Give again the lines from the line with "Swordsman/corner Chair" to the last line of the records, exactly and in full. Do not carry over any pictures.
────────
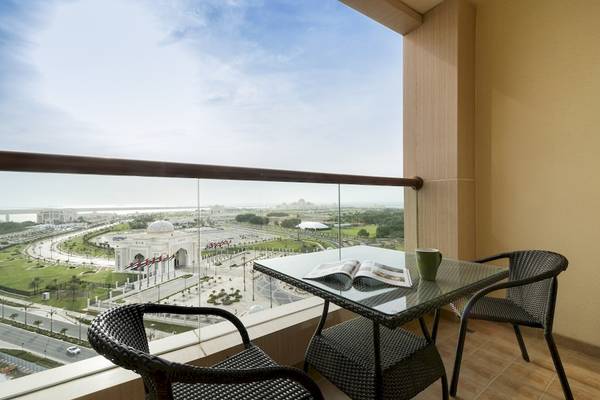 Blick aus dem Hotelbalkon des Khalidiya Palace Rayhaan by Rotana auf die Stadt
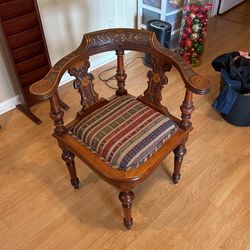 Swordsman/corner Chair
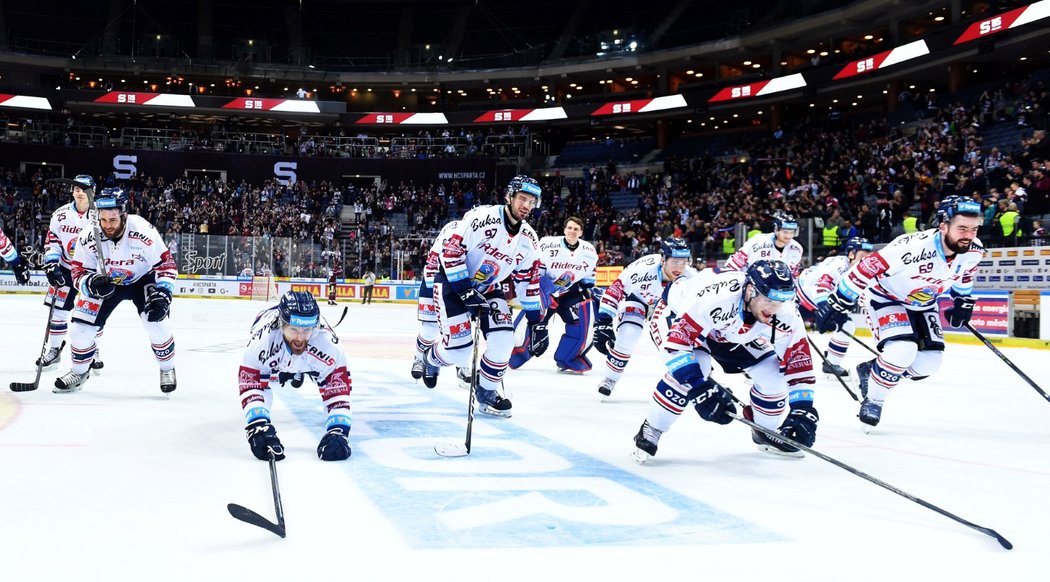 Vítkovičtí hokejisté si na ledě užili postup se svými fanoušky, ve čtvrtfinále narazí na Třinec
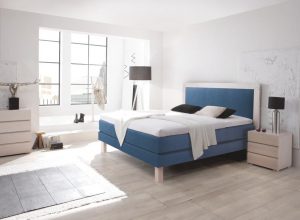 B6.28-Modern-Box-26-in-393-Alpina-navy-Tucan-Füsse-in-09-Buche-weiss-lasiert-St.-Moritz-Kopfteil-in-393-Alpina-navy-und-09-Buche-weiss-lasiert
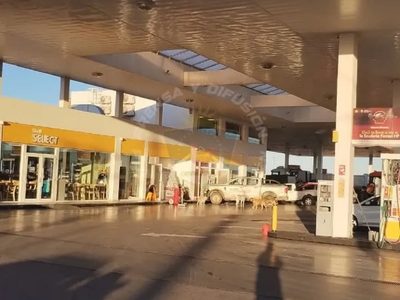 Fue armado a robar una estación de servicios y hasta atendió a un cliente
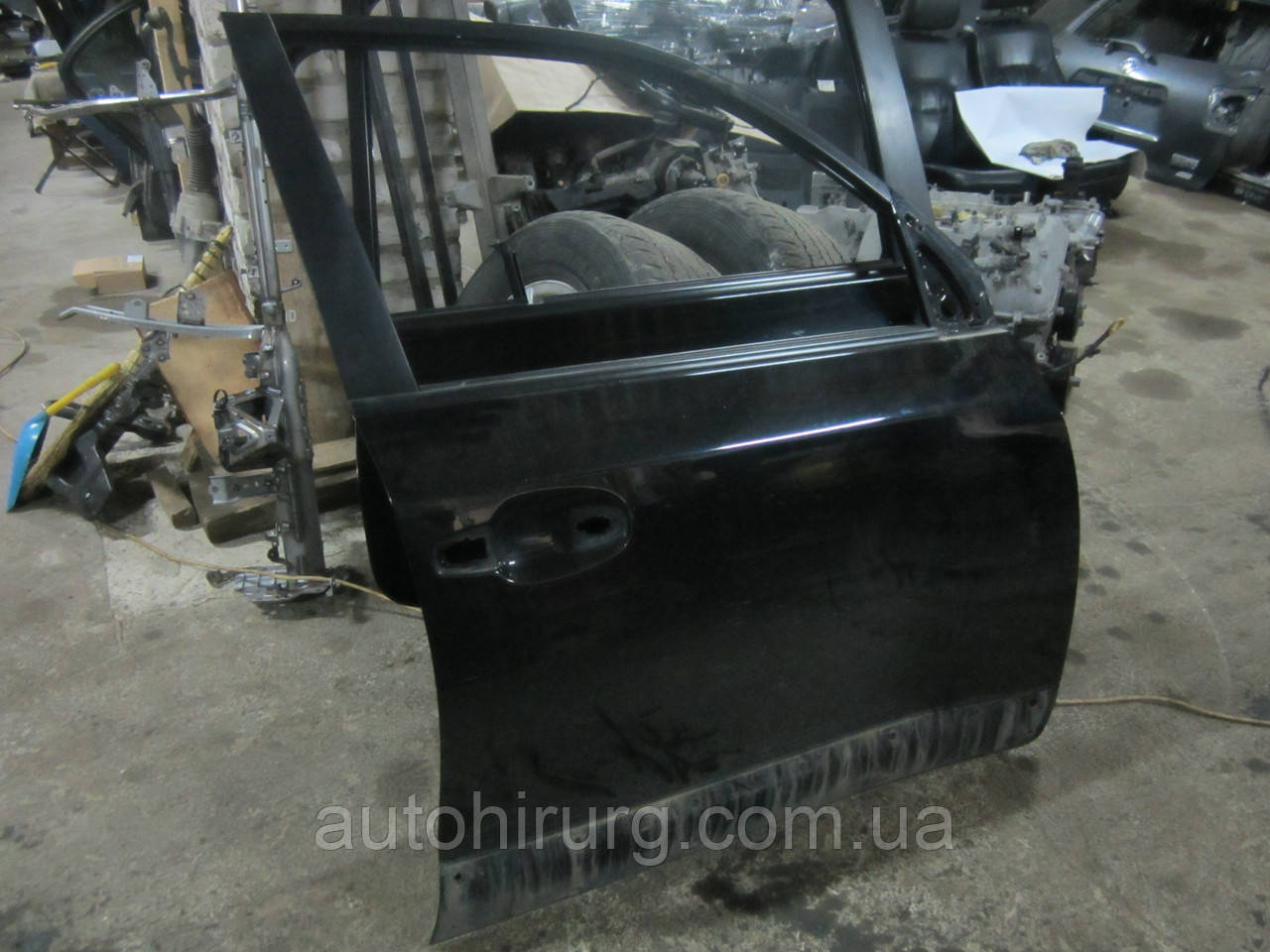 Передні права двері Toyota land cruiser 200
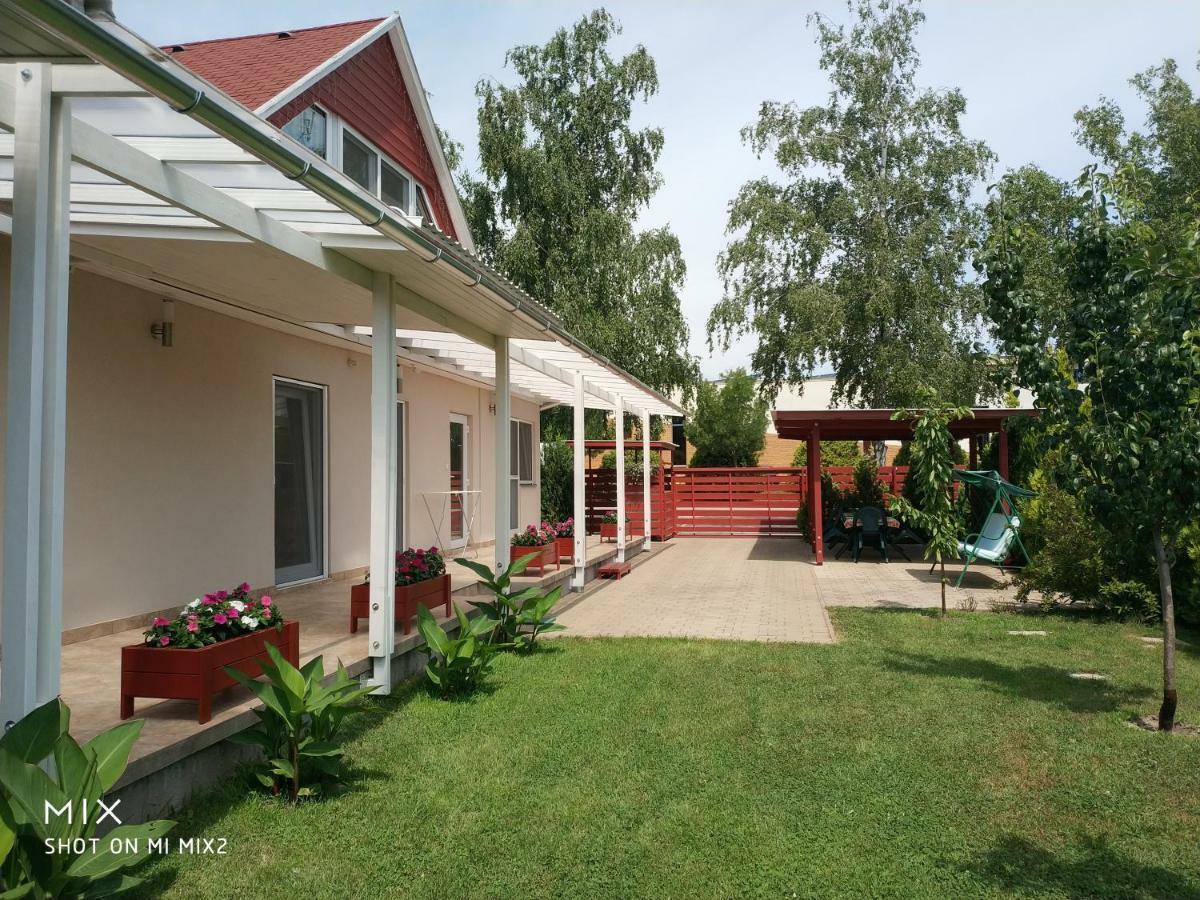 Elso Fecske Apartmanok Siofok Exterior photo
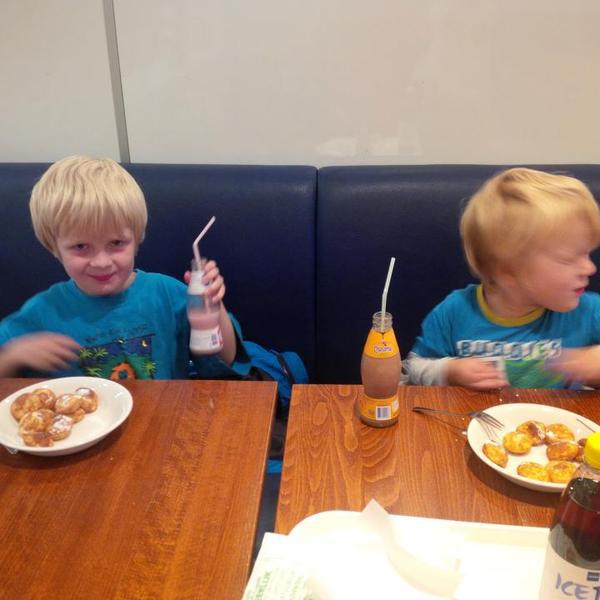 Photo taken at Hema by Mathijs B. on 8/26/2014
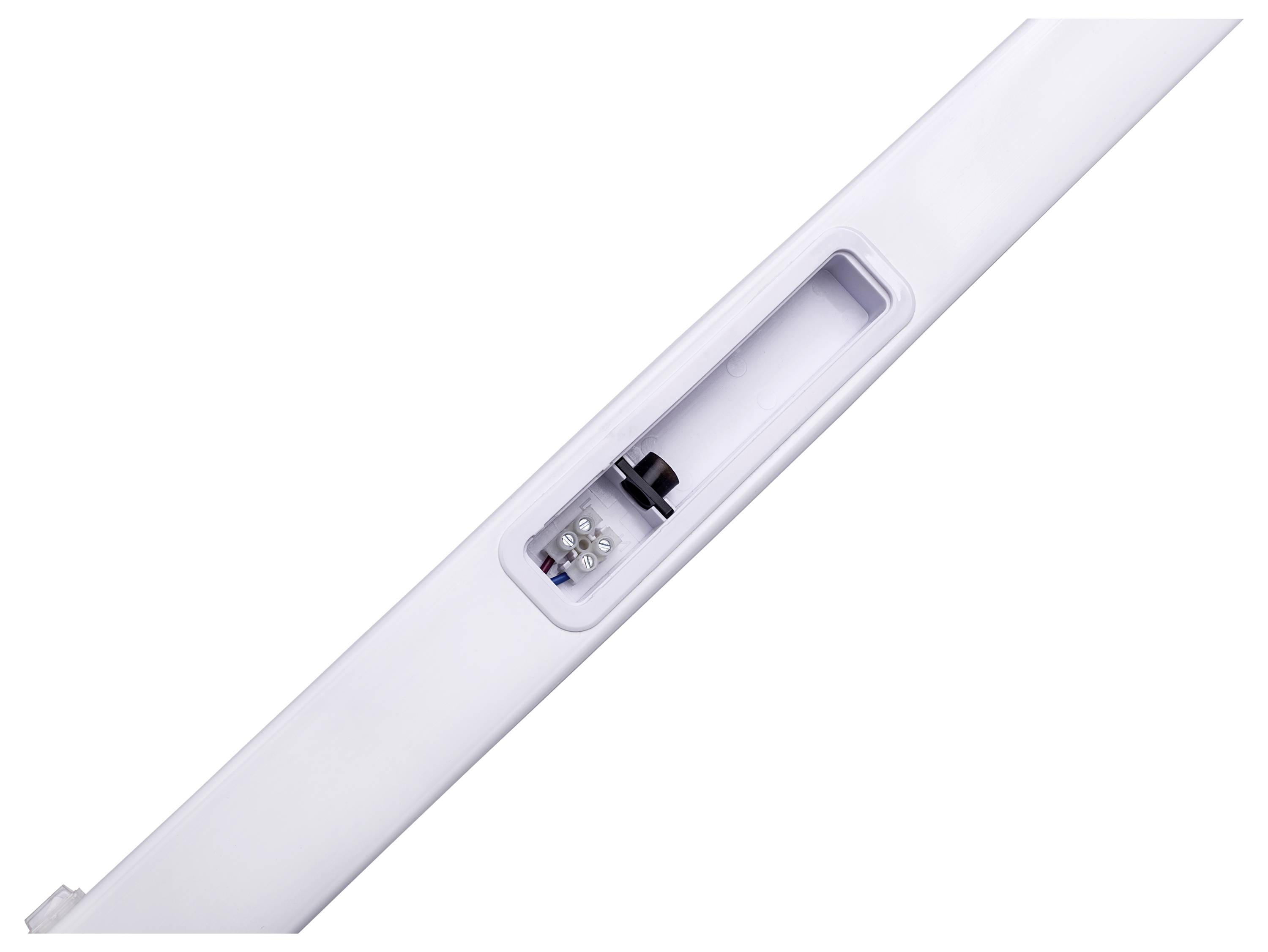 Obrázok znázorňuje biely hliníkový profil so vstavaným ovládačom. Profil má úzky, obdĺžnikový výrez s viditeľnými komponentmi.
────────
> _Solved exercise_
 Swordsman/corner Chair
 Vítkovičtí hokejisté si na ledě užili postup se svými fanoušky, ve čtvrtfinále narazí na Třinec
 B6.28-Modern-Box-26-in-393-Alpina-navy-Tucan-Füsse-in-09-Buche-weiss-lasiert-St.-Moritz-Kopfteil-in-393-Alpina-navy-und-09-Buche-weiss-lasiert
 Fue armado a robar una estación de servicios y hasta atendió a un cliente
 Передні права двері Toyota land cruiser 200
 Elso Fecske Apartmanok Siofok Exterior photo
 Photo taken at Hema by Mathijs B. on 8/26/2014
 Obrázok znázorňuje biely hliníkový profil so vstavaným ovládačom. Profil má úzky, obdĺžnikový výrez s viditeľnými komponentmi.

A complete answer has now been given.